Transcribe the listing below verbatim, omitting pictures.

=== Section Start ===

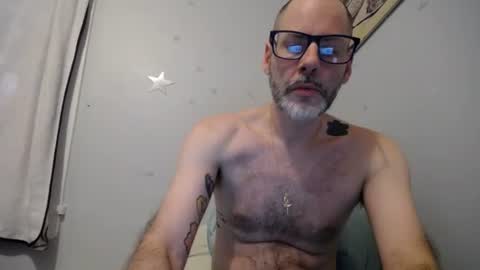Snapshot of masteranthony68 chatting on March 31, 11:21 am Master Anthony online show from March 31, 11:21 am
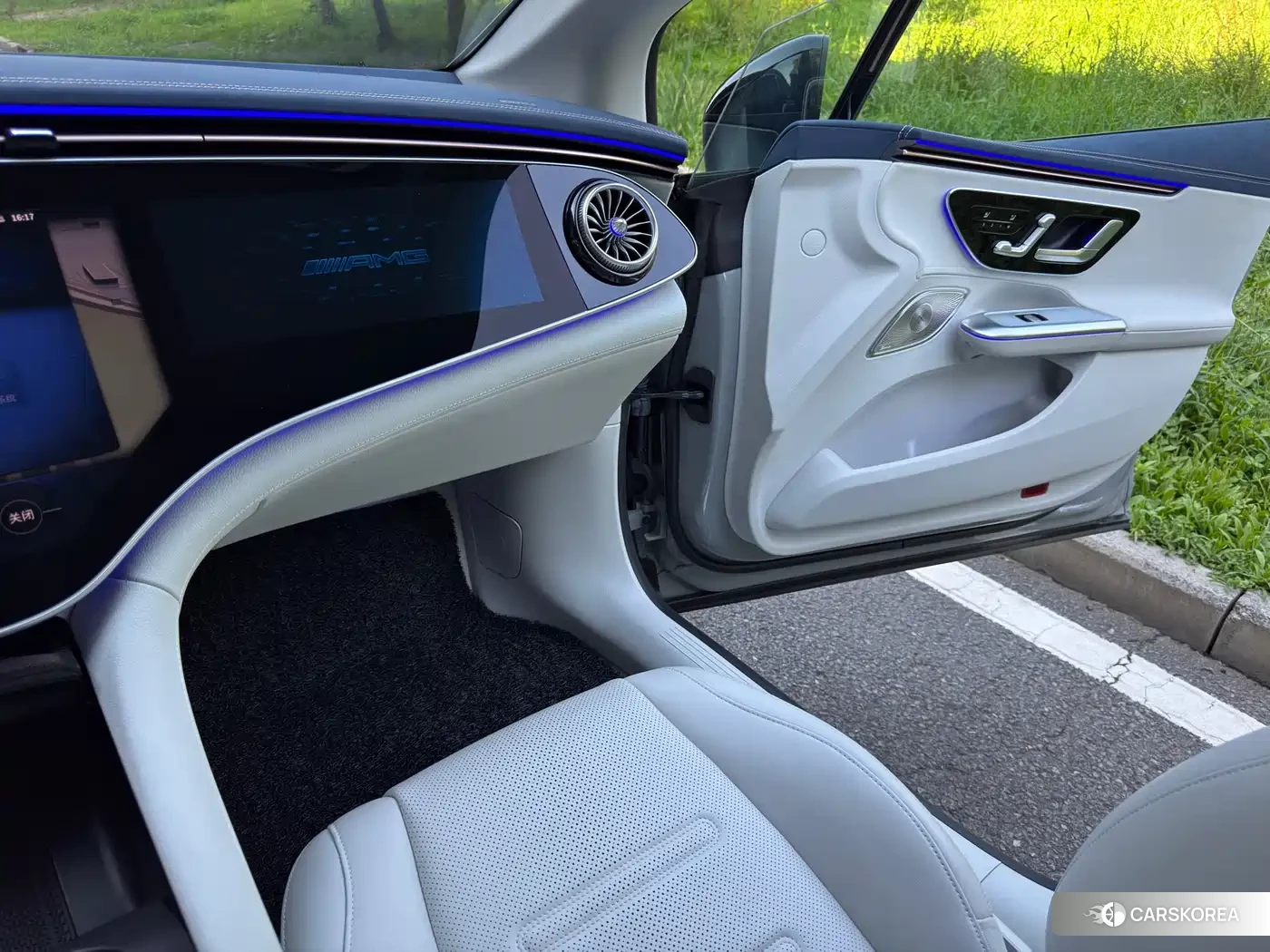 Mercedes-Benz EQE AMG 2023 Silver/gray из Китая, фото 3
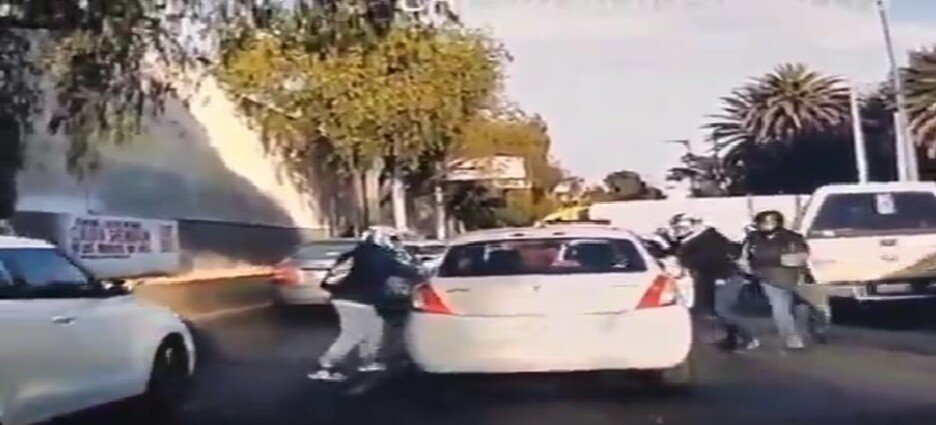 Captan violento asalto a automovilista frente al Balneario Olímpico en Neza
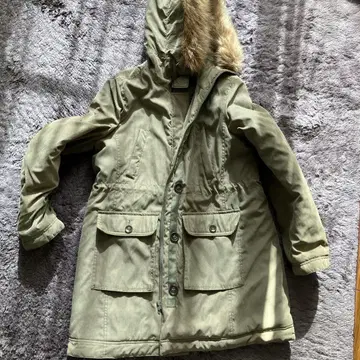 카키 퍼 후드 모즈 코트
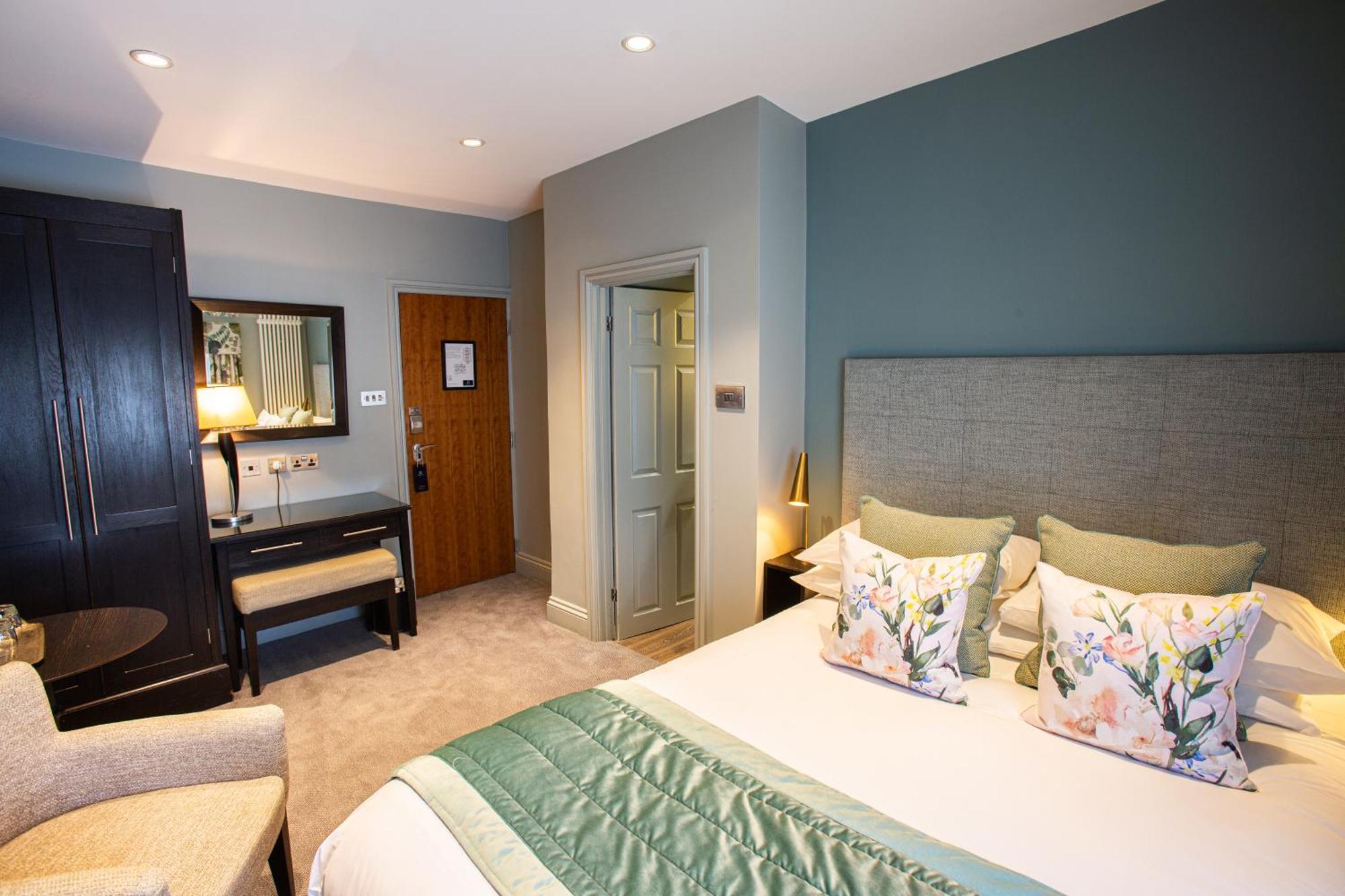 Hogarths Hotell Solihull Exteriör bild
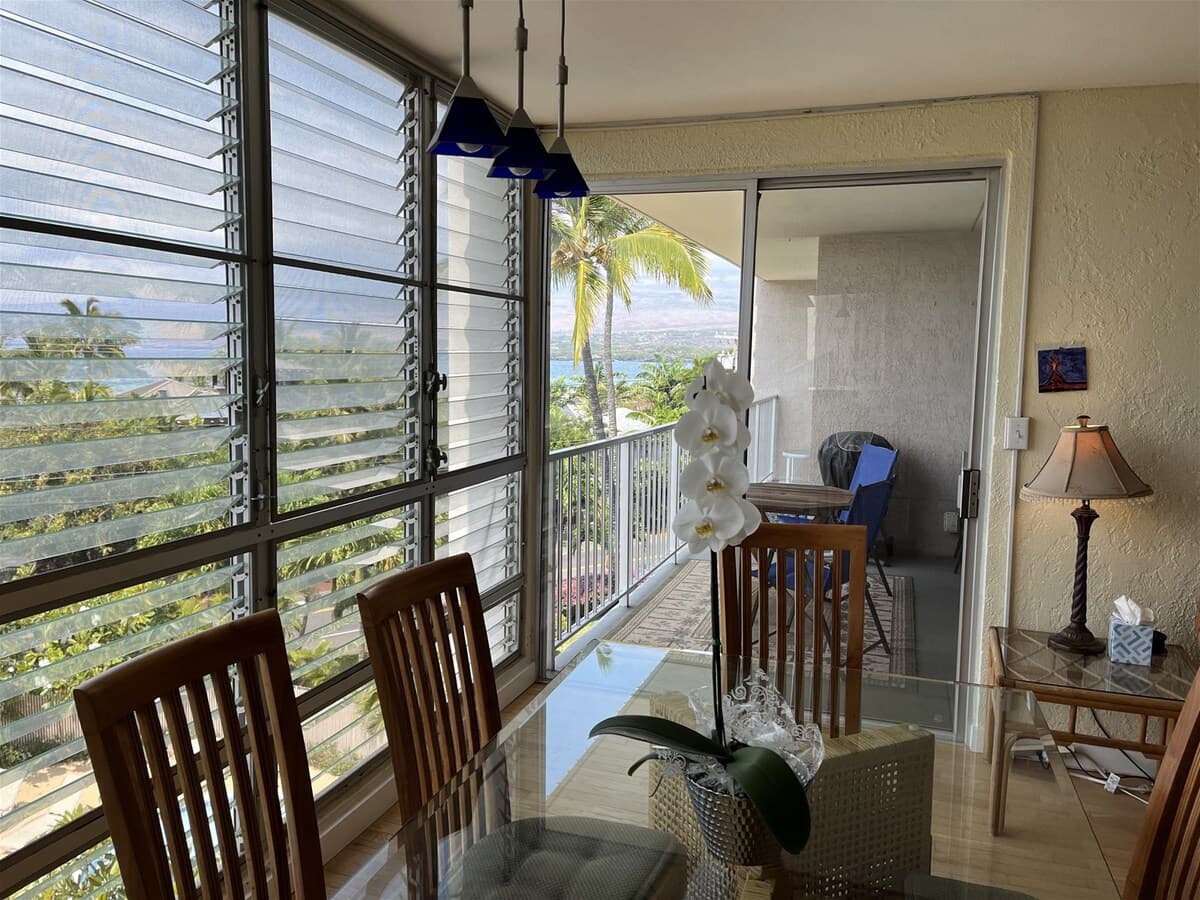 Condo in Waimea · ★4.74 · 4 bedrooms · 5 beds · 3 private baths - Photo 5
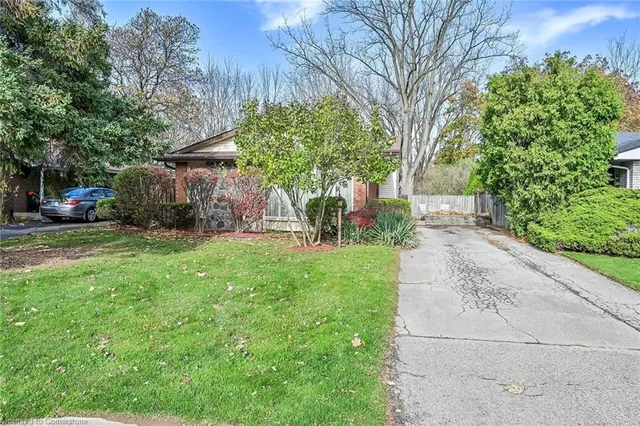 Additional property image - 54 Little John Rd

=== Section End ===

» ANSWER TO THIS EXERCISE
Snapshot of masteranthony68 chatting on March 31, 11:21 am Master Anthony online show from March 31, 11:21 am
 Mercedes-Benz EQE AMG 2023 Silver/gray из Китая, фото 3
 Captan violento asalto a automovilista frente al Balneario Olímpico en Neza
 카키 퍼 후드 모즈 코트
 Hogarths Hotell Solihull Exteriör bild
 Condo in Waimea · ★4.74 · 4 bedrooms · 5 beds · 3 private baths - Photo 5
 Additional property image - 54 Little John Rd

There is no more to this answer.